STGNNks: Identifying cell types in spatial transcriptomics data based on graph neural network, denoising auto-encoder, and k-sums clustering.
发表日期:2023 Sep 09
作者:
Lihong Peng, Xianzhi He, Xinhuai Peng, Zejun Li, Li Zhang
来源:
COMPUTERS IN BIOLOGY AND MEDICINE
摘要:
空间转录组技术充分利用了空间位置信息、组织形态特征和转录表达谱。整合这些数据可以极大地推进我们对细胞生物学及形态学背景下的理解。我们开发了一种创新的空间聚类方法,称为STGNNks,通过结合图神经网络、去噪自编码器和k-和聚类,首先对空间解析转录组数据进行预处理,构建一个混合邻接矩阵。接下来,通过基于深层图信息最大化的图卷积网络对基因表达和空间上下文进行整合,学习斑点的嵌入特征。然后,通过基于零膨胀负二项分布(ZINB)的去噪自编码器将学习到的特征映射到低维空间。
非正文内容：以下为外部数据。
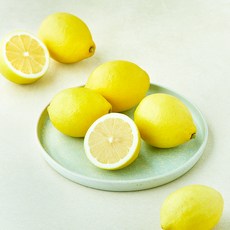 곰곰 유기농 인증 제주 레몬, 1개, 1kg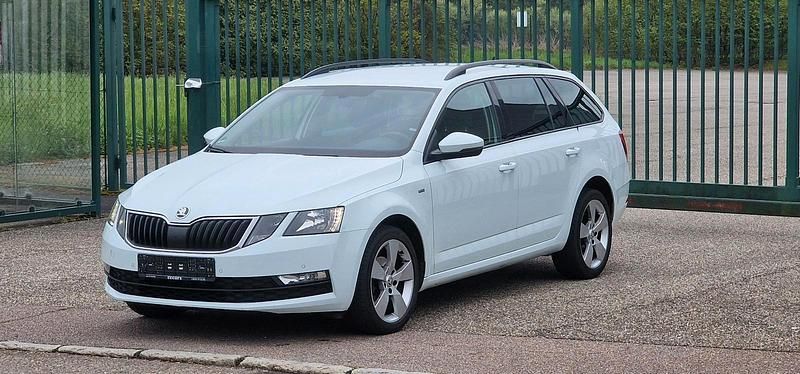 Gebraucht Skoda Octavia 115 PS (84 kW) 2018 Weiß Kombi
接下来,结合k-均值聚类和比值割聚类算法,开发了一种k-和聚类算法来识别空间域。最后,在六个10x Genomics Visium数据集上基于伪时空方法实现了空间轨迹推断、空间可变基因识别和差异表达基因检测。我们将我们提出的STGNNks方法与其他五种空间聚类方法CCST、Seurat、stLearn、Scanpy和SEDR进行了比较。首次使用了四个机器学习领域的内部指标(轮廓系数、Davies-Bouldin指数、Calinski-Harabasz指数和S_Dbw指数)来衡量STGNNks与CCST、Seurat、stLearn、Scanpy和SEDR在五个无标签的空间转录组数据集上的聚类性能,并使用调整兰德指数(ARI)和归一化互信息(NMI)来评估以上六种方法在带有真实标签的Human Breast Cancer (Block A Section 1)上的性能。比较实验证明,STGNNks具有最小的Davies-Bouldin和S_Dbw值,最大的轮廓系数、Calinski-Harabasz、ARI和NMI,在上述五种空间转录组分析算法中表现显著优越。此外,我们在上述五个无标签数据集中检测到了每个聚类中的前六个空间可变基因和前五个差异表达基因。通过层次布局的伪时空树图绘制,展示了Human Breast Cancer (Block A Section 1)在三个浸润性导管癌区域到多个原位导管癌亚簇之间的进展流程。我们预计STGNNks能够高效改进空间转录组数据分析,并进一步促进相关疾病的诊断和治疗。代码公开可用,网址为https://github.com/plhhnu/STGNNks。版权所有 © 2023. Elsevier Ltd. 发布。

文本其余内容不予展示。